We are accepted in God's beloved Son! Our confident access to God is because God has said of Jesus, "This is my Beloved Son. With Him I am well pleased." Our lives are hidden within the Beloved Son!  This is the primary identity from which we pray. We are adopted as beloved sons and daughters of the Father. This is why, when Jesus taught his disciples to pray, he taught them to say, " Our Father, who lives in heaven, Holy is your name." His Father has become our Father through our adoption as children. This means that we are no less his children when we sin and no more his children when we are righteous. Adoption is an identity given, not earned. In many ways, beginning prayer like this is counter-intuitive. Andrew Wilson recently wrote of being on a flight that went through a vicious storm.  Everybody on the flight thought the plane was going to crash and many were calling out to God, shouting, "Help me!" Some were even confessing their sins exclaiming, 'Forgive me!" The plane didn't crash, but Wilson noted how strange it was that the Lord's prayer doesn't start with 'Help me' or 'Forgive me!' He noted that it began with worship from children to their Father, which seems backwards in terms of the urgency of our needs. He concluded though,  that  what we really need first and foremost, is to know that we are loved and forever accepted by our Father in heaven. Praying from our identity as adopted children will mean we will not just network God with our prayer list. We will engage our Father with grateful worship. This is what we really need. 

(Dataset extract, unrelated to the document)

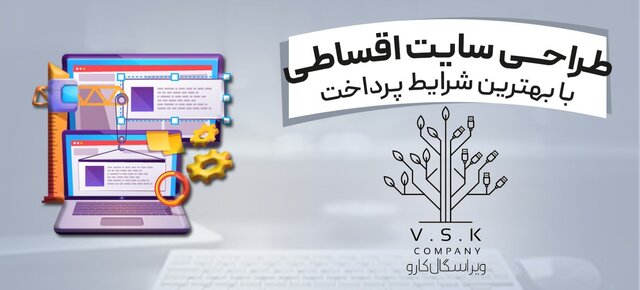 طراحي سايت قسطي شيوه جديد كلاهبرداري طراحي سايت قسطي شيوه جديد كلاهبرداري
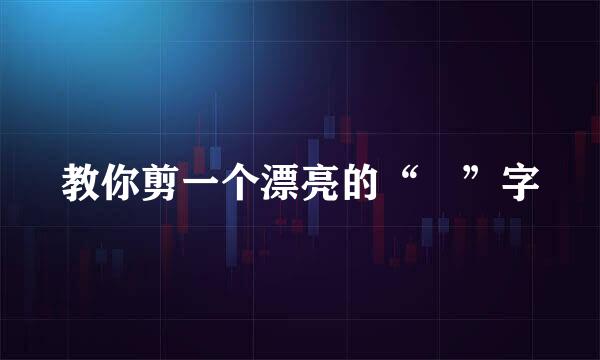 教你剪一个漂亮的“囍”字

There is another Christian identity that powerfully informs our prayer. It is our identity as Ambassadors. Paul's closing request was for the saints in Ephesus to pray for him, "That words may be given me in opening my mouth boldly to proclaim the mystery of the gospel, for I am an ambassador in chains."(6:19) He saw himself as a delegated representative of heaven with an official message from His King. This is what we are too. It requires boldness which requires prayer. When Jesus taught his disciples to pray, 'Hallowed be your Name,' it was not just worship, it was an ambassadorial request that God's name would be hallowed in places and by people where it had previously been rejected. Worship quickly turns to witness when we understand our identity as ambassadors. Today as we fast and pray at 133, we are going to pray for a season of ambassadorial boldness in our lead up to Easter and our Alpha course: lets pray for bold invitations, bold proclamation of the gospel  and bold decisions for Christ in baptism! 

Finally, we pray from our identity as soldiers in a spiritual battle, "for our battle is not against flesh and blood, but against...the spiritual forces of evil in heavenly places.Therefore pray in the Spirit on all occasions" ( 6:10,18) Prayer as spiritual warfare is a much maligned, much misunderstood and much underestimated reality. Even if we don't fully understand it, we sense the spiritual darkness, don't we? At times it's palpable, this conflict between  powers, wills and kingdoms. Which is why Jesus taught his disciples to pray, "Your Kingdom come, Your will be done." Jesus has overcome satan, who stands condemned. But satan is making the most of the limited time and power he has through deception, oppression, intimidation and accusation. Let's pray that his power would be broken in ours and others' lives today and that Christ's kingdom would come. 


So who do you think you are? God thinks you are his adopted child, his delegated ambassador and his trusted soldier. Today and tonight, let's pray like we believe it.